“Sudden Death Syndrome” kills Navalny says Russian State

What are the implications of Navalny’s death?


19/02/2024

On Friday anti-Putin oppositionist Alexi Navalny was found dead at the Kharp high security prison near the Arctic to which he had been transported recently in secret.  Russian state authorities claim his death was due to “Sudden Death Syndrome”. His detention since 2021 has been marked by repeated evidence of maltreatment and sleep deprivation constituting slow torture, making his death hardly ‘sudden’ and without prior signals at all.

The Left Berlin discussed Navalny after his poisoning by Putin’s agents, with a spectacular flight to emergency treatment in Charite Berlin.

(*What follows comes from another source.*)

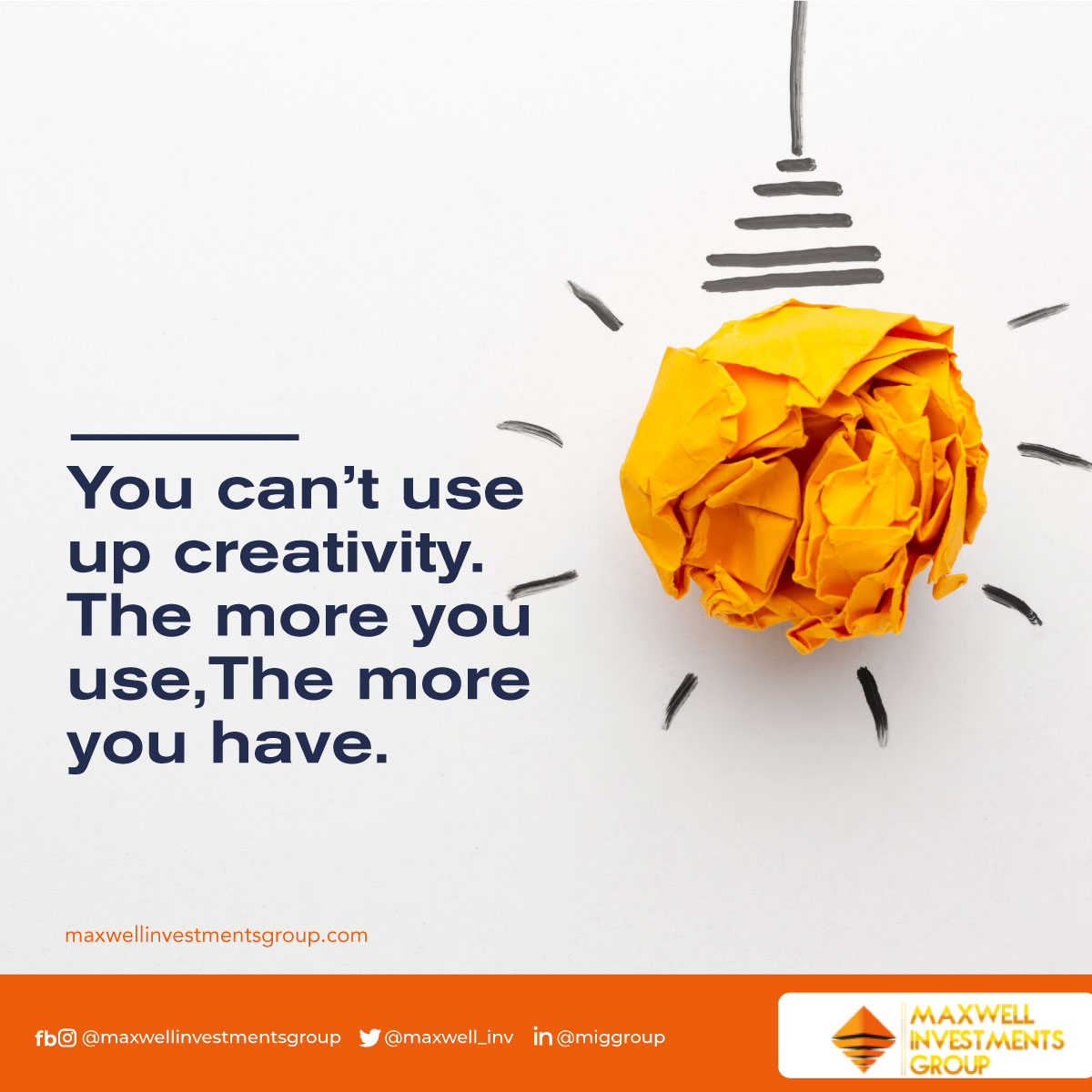maxwell_inv's tweet photo. "You can't use up creativity. The more you use, the more you have" - Maya Angelou https://t.co/gw9A4rGdsg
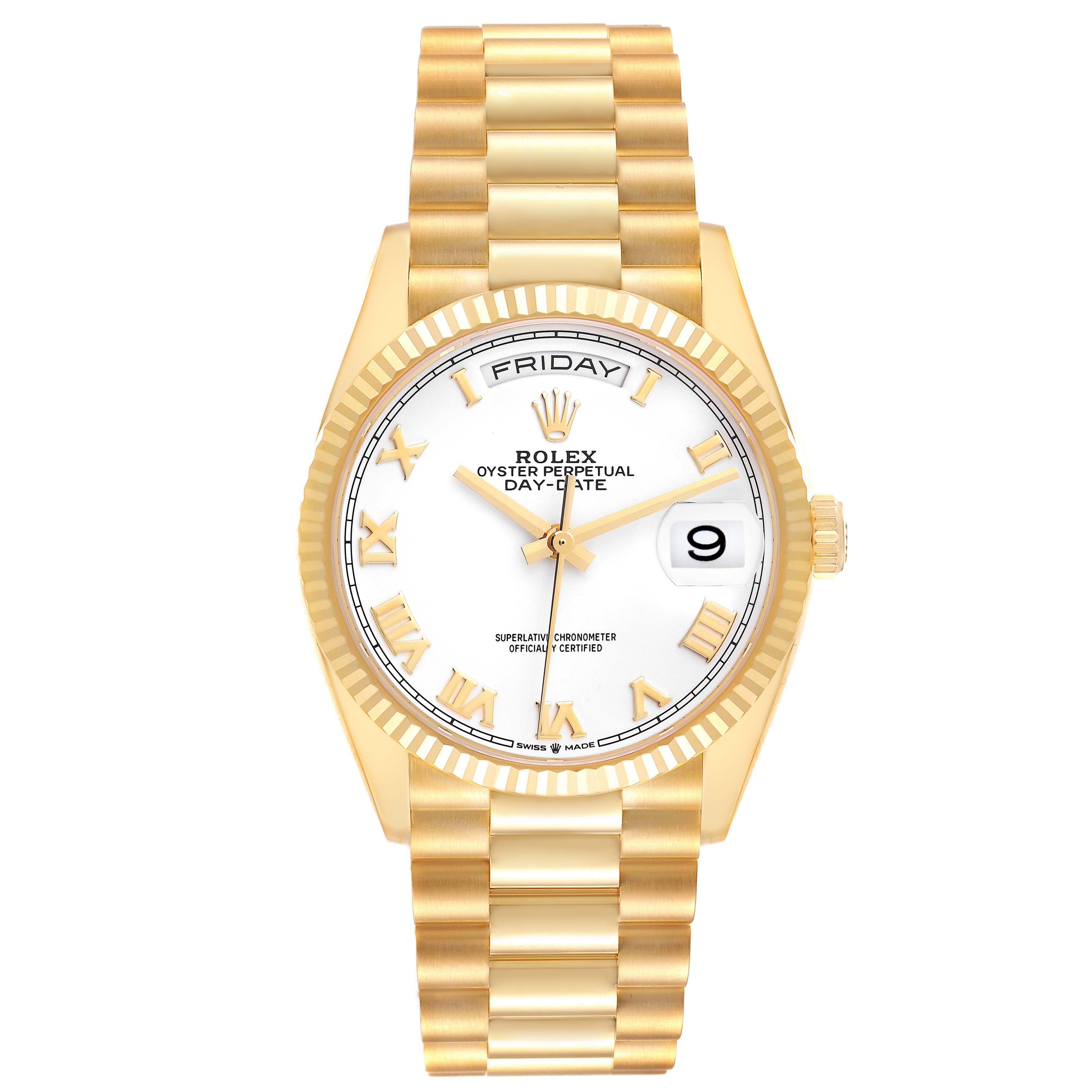 Rolex President Day-Date Yellow Gold Mens Watch 128238 Box Card. Officially certified chronometer automatic self-winding movement. 18k yellow gold oyster case 36.0 mm in diameter. Rolex logo on a crown. 18k yellow gold fluted bezel. Scratch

Upon his recovery Navalny exposed in a ‘sting’, the Russian secret services attempt to murder him. He flew back to Moscow, well aware that arrest awaited him:

“Navlany flew back to Russia in January 2021. He fully understood that he would be arrested on a number of somewhat spurious charges. He had in the meantime exposed the secret service attempts to poison him with a taped ‘sting’ telephone call to one of the FSB operatives while posing as an operative. He had also openly goaded Putin. In these very public statements, and in his courting of arrest – Navalny has behaved just like Khodorkovsky did in his day. On January 17 2021 Navalny was arrested. However, in sharp contrast to previous arrests of anti-Putin agitators, there was now a reservoir of heightened, near-organised discontent in the Russian people. Moreover, social media enabled wide-spread demonstrations.” 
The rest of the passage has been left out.